Default options only, no modifications to the code.
I am thinking it is maybe missing a match somewhere and doing too few threads in lyra2v2, I am reading the output from here: https://www.reddit.com/r/nvidia/comments/7iq5tk/just_got_a_titan_v_this_morning_ask_me_to/dr1y7x1/
So over a 1000 more cores than a 1080ti. Looking at code now to figure out if threads per block is getting underset due to something something __CUDA_ARCH__ 700 or something causing an issue.
Is there a way to see TPB at runtime printed out?
You can actually see the threads per block in the code.
When you have a kernel call like this for example:
lyra2v2_gpu_hash_32_2 <<< grid4, block4, 0, gpustream[thr_id] >>> (threads);
then it's the block4 value (32 in this case).

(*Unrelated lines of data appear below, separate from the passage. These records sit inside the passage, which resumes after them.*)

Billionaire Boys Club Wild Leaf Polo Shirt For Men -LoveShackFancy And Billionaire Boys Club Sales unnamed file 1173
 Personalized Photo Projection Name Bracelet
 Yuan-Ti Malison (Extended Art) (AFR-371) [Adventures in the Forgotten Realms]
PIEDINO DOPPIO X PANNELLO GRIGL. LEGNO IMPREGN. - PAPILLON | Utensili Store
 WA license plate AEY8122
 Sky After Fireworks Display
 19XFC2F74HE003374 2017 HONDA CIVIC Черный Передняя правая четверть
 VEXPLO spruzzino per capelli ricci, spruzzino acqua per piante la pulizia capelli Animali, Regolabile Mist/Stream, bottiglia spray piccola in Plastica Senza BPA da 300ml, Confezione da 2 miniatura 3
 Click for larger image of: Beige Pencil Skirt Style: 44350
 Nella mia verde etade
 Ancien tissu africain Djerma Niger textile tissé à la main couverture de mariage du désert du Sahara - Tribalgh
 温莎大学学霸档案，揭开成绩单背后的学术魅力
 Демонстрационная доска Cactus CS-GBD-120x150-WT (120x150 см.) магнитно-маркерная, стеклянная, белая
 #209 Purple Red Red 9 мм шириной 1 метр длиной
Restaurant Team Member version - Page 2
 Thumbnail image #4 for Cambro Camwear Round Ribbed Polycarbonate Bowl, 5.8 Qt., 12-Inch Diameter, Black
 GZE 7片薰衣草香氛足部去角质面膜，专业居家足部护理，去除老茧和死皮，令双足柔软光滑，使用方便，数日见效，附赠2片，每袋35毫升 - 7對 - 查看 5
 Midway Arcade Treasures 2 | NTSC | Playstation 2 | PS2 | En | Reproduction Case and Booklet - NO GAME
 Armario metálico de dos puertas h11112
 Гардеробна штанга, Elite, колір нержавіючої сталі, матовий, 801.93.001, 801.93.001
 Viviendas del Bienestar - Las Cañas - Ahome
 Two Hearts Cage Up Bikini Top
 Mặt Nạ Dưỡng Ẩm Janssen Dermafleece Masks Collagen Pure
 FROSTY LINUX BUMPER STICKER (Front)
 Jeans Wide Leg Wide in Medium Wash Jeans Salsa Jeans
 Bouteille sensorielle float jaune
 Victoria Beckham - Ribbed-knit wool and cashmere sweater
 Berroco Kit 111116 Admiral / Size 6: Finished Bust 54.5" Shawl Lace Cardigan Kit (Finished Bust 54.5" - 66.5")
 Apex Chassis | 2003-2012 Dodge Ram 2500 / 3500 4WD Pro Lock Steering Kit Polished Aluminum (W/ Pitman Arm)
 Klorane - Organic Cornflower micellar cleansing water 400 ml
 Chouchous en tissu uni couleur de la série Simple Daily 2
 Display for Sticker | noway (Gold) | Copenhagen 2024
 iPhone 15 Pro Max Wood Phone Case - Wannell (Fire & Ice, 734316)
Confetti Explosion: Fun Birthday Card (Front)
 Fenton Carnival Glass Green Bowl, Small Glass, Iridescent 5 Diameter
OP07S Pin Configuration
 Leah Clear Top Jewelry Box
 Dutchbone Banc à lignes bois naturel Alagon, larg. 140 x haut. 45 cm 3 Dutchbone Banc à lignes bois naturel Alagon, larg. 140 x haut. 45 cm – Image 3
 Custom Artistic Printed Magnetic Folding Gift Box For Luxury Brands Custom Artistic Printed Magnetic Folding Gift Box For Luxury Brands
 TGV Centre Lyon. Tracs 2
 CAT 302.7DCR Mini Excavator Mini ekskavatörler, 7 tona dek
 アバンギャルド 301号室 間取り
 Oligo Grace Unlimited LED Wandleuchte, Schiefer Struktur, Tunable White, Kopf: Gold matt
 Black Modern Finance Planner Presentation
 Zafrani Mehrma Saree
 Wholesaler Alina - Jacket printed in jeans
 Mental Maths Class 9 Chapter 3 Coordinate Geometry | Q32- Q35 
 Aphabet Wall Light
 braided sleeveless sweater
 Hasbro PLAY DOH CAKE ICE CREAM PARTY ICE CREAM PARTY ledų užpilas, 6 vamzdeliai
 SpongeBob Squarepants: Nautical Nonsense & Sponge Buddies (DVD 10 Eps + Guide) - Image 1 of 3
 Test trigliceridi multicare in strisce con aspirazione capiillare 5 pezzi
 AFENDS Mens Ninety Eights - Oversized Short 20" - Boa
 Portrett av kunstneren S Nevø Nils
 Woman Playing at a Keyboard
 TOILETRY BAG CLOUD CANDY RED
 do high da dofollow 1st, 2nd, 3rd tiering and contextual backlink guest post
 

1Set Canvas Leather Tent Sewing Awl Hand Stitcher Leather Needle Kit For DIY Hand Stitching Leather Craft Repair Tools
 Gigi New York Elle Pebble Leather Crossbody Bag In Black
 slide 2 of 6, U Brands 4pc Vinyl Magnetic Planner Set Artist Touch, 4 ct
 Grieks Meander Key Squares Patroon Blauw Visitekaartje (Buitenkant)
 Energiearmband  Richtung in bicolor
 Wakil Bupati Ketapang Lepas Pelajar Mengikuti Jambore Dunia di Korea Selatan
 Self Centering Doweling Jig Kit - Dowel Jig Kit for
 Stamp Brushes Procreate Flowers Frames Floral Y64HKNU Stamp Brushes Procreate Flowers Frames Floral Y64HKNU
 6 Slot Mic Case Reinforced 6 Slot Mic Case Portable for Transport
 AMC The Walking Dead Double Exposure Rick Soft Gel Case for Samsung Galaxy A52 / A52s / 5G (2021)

Or you could add two lines of code to each kernel:
if(thread == 0)
printf("%d %d\n", blockDim.x, blockDim.y);
In the lyra code, I wanted to make a quick bisection. I tried to force the 1080 code in lyra2v2.cu: /* #if __CUDA_ARCH__ >= 500 / then i commented out the corresponding else and modified lyra2v2_cpu_hash_32 accordingly.
It failed to build, there isn't any condition around #include cuda_lyra2v2_sm3.cuh that keeps it from not being included.
After I commented out the sm3.cuh header include, build succeeded with the forced >=500 code on.
So I suspect something is wonky in the macro processing and this has been defaulting to lower than 128 TPB for everything.
I tested the new binary, but still at 40MH/s, so this wasn't the issue. But I am still looking.
The ccminer_nanashi code results in i=19 default and 524288 threads at runtime for 99-100MH/s.
I am trying to find the printfs where that code displays that info and add that to my local build of klaust.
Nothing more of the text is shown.